What you return should match the data below exactly, line for line.
═════ RECORDS SHOWN
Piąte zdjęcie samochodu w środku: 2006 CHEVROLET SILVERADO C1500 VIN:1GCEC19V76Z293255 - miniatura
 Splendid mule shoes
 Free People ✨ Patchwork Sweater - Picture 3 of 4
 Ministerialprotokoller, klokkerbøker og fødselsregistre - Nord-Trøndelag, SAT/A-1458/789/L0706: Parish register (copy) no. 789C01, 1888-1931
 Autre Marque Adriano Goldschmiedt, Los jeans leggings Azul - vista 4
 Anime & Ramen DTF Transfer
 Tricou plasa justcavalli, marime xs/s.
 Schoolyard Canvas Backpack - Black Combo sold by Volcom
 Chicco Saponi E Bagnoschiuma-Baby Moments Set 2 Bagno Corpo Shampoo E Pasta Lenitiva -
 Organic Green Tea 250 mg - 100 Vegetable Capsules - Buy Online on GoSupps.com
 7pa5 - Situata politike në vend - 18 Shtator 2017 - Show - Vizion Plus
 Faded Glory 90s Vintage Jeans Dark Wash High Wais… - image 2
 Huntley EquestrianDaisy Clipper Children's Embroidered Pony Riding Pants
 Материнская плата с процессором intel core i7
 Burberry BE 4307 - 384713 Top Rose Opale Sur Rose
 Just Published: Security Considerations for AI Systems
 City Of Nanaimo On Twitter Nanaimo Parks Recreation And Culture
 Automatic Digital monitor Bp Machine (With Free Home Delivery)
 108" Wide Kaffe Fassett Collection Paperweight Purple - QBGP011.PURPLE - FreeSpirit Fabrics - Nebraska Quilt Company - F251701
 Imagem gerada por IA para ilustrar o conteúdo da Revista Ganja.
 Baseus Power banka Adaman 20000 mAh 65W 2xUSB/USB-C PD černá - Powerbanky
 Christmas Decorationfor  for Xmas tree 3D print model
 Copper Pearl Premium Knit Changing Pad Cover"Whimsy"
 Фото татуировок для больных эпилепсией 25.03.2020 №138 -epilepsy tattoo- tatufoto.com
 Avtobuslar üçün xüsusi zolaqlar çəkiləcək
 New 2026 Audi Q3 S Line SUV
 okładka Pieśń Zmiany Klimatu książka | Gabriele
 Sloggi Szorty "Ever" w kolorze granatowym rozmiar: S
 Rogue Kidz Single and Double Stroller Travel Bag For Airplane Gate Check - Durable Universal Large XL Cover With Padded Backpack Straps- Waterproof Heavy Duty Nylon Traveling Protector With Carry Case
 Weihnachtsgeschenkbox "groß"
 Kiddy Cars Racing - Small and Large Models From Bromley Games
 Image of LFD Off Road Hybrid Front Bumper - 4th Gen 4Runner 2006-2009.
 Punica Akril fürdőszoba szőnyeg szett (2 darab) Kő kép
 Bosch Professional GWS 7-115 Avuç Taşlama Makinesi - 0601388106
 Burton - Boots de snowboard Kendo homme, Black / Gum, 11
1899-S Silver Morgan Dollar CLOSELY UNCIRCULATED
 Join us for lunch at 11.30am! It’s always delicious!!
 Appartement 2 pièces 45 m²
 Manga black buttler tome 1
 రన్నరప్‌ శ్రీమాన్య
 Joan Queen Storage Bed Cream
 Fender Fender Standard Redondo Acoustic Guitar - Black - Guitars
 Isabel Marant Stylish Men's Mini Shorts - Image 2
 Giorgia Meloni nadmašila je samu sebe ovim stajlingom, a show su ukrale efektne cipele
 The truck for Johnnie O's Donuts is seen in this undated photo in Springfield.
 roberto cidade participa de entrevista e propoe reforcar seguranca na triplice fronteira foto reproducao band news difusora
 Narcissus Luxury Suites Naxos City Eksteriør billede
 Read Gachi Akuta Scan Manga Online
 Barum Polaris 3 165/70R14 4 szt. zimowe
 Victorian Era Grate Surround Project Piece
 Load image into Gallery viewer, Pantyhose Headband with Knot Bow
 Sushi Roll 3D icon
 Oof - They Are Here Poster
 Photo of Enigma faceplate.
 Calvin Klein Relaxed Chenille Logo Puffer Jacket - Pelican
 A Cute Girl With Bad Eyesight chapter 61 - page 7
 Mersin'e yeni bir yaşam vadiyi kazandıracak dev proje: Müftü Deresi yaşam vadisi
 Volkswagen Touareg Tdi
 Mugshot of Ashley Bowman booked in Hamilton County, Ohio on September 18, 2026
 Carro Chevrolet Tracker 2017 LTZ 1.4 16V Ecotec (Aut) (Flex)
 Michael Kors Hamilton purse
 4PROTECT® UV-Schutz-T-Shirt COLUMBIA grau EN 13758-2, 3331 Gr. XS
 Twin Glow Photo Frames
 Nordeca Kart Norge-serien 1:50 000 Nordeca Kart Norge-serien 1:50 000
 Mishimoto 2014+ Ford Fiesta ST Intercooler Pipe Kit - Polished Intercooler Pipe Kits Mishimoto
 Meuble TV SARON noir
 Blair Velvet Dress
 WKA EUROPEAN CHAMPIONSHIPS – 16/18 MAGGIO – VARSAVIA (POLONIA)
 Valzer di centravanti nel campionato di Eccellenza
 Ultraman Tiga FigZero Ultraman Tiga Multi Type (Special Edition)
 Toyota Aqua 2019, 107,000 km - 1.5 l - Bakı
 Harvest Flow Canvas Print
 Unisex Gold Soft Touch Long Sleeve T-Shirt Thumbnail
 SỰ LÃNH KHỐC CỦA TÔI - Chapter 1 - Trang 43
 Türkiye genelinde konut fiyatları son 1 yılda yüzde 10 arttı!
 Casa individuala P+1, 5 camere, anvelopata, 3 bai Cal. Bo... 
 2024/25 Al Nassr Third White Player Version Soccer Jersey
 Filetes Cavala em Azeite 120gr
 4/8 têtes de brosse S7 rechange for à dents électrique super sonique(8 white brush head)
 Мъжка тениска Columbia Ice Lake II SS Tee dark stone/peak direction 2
══════════
__OUTPUT FOR THIS EXERCISE__:
Piąte zdjęcie samochodu w środku: 2006 CHEVROLET SILVERADO C1500 VIN:1GCEC19V76Z293255 - miniatura
 Splendid mule shoes
 Free People ✨ Patchwork Sweater - Picture 3 of 4
 Ministerialprotokoller, klokkerbøker og fødselsregistre - Nord-Trøndelag, SAT/A-1458/789/L0706: Parish register (copy) no. 789C01, 1888-1931
 Autre Marque Adriano Goldschmiedt, Los jeans leggings Azul - vista 4
 Anime & Ramen DTF Transfer
 Tricou plasa justcavalli, marime xs/s.
 Schoolyard Canvas Backpack - Black Combo sold by Volcom
 Chicco Saponi E Bagnoschiuma-Baby Moments Set 2 Bagno Corpo Shampoo E Pasta Lenitiva -
 Organic Green Tea 250 mg - 100 Vegetable Capsules - Buy Online on GoSupps.com
 7pa5 - Situata politike në vend - 18 Shtator 2017 - Show - Vizion Plus
 Faded Glory 90s Vintage Jeans Dark Wash High Wais… - image 2
 Huntley EquestrianDaisy Clipper Children's Embroidered Pony Riding Pants
 Материнская плата с процессором intel core i7
 Burberry BE 4307 - 384713 Top Rose Opale Sur Rose
 Just Published: Security Considerations for AI Systems
 City Of Nanaimo On Twitter Nanaimo Parks Recreation And Culture
 Automatic Digital monitor Bp Machine (With Free Home Delivery)
 108" Wide Kaffe Fassett Collection Paperweight Purple - QBGP011.PURPLE - FreeSpirit Fabrics - Nebraska Quilt Company - F251701
 Imagem gerada por IA para ilustrar o conteúdo da Revista Ganja.
 Baseus Power banka Adaman 20000 mAh 65W 2xUSB/USB-C PD černá - Powerbanky
 Christmas Decorationfor  for Xmas tree 3D print model
 Copper Pearl Premium Knit Changing Pad Cover"Whimsy"
 Фото татуировок для больных эпилепсией 25.03.2020 №138 -epilepsy tattoo- tatufoto.com
 Avtobuslar üçün xüsusi zolaqlar çəkiləcək
 New 2026 Audi Q3 S Line SUV
 okładka Pieśń Zmiany Klimatu książka | Gabriele
 Sloggi Szorty "Ever" w kolorze granatowym rozmiar: S
 Rogue Kidz Single and Double Stroller Travel Bag For Airplane Gate Check - Durable Universal Large XL Cover With Padded Backpack Straps- Waterproof Heavy Duty Nylon Traveling Protector With Carry Case
 Weihnachtsgeschenkbox "groß"
 Kiddy Cars Racing - Small and Large Models From Bromley Games
 Image of LFD Off Road Hybrid Front Bumper - 4th Gen 4Runner 2006-2009.
 Punica Akril fürdőszoba szőnyeg szett (2 darab) Kő kép
 Bosch Professional GWS 7-115 Avuç Taşlama Makinesi - 0601388106
 Burton - Boots de snowboard Kendo homme, Black / Gum, 11
1899-S Silver Morgan Dollar CLOSELY UNCIRCULATED
 Join us for lunch at 11.30am! It’s always delicious!!
 Appartement 2 pièces 45 m²
 Manga black buttler tome 1
 రన్నరప్‌ శ్రీమాన్య
 Joan Queen Storage Bed Cream
 Fender Fender Standard Redondo Acoustic Guitar - Black - Guitars
 Isabel Marant Stylish Men's Mini Shorts - Image 2
 Giorgia Meloni nadmašila je samu sebe ovim stajlingom, a show su ukrale efektne cipele
 The truck for Johnnie O's Donuts is seen in this undated photo in Springfield.
 roberto cidade participa de entrevista e propoe reforcar seguranca na triplice fronteira foto reproducao band news difusora
 Narcissus Luxury Suites Naxos City Eksteriør billede
 Read Gachi Akuta Scan Manga Online
 Barum Polaris 3 165/70R14 4 szt. zimowe
 Victorian Era Grate Surround Project Piece
 Load image into Gallery viewer, Pantyhose Headband with Knot Bow
 Sushi Roll 3D icon
 Oof - They Are Here Poster
 Photo of Enigma faceplate.
 Calvin Klein Relaxed Chenille Logo Puffer Jacket - Pelican
 A Cute Girl With Bad Eyesight chapter 61 - page 7
 Mersin'e yeni bir yaşam vadiyi kazandıracak dev proje: Müftü Deresi yaşam vadisi
 Volkswagen Touareg Tdi
 Mugshot of Ashley Bowman booked in Hamilton County, Ohio on September 18, 2026
 Carro Chevrolet Tracker 2017 LTZ 1.4 16V Ecotec (Aut) (Flex)
 Michael Kors Hamilton purse
 4PROTECT® UV-Schutz-T-Shirt COLUMBIA grau EN 13758-2, 3331 Gr. XS
 Twin Glow Photo Frames
 Nordeca Kart Norge-serien 1:50 000 Nordeca Kart Norge-serien 1:50 000
 Mishimoto 2014+ Ford Fiesta ST Intercooler Pipe Kit - Polished Intercooler Pipe Kits Mishimoto
 Meuble TV SARON noir
 Blair Velvet Dress
 WKA EUROPEAN CHAMPIONSHIPS – 16/18 MAGGIO – VARSAVIA (POLONIA)
 Valzer di centravanti nel campionato di Eccellenza
 Ultraman Tiga FigZero Ultraman Tiga Multi Type (Special Edition)
 Toyota Aqua 2019, 107,000 km - 1.5 l - Bakı
 Harvest Flow Canvas Print
 Unisex Gold Soft Touch Long Sleeve T-Shirt Thumbnail
 SỰ LÃNH KHỐC CỦA TÔI - Chapter 1 - Trang 43
 Türkiye genelinde konut fiyatları son 1 yılda yüzde 10 arttı!
 Casa individuala P+1, 5 camere, anvelopata, 3 bai Cal. Bo... 
 2024/25 Al Nassr Third White Player Version Soccer Jersey
 Filetes Cavala em Azeite 120gr
 4/8 têtes de brosse S7 rechange for à dents électrique super sonique(8 white brush head)
 Мъжка тениска Columbia Ice Lake II SS Tee dark stone/peak direction 2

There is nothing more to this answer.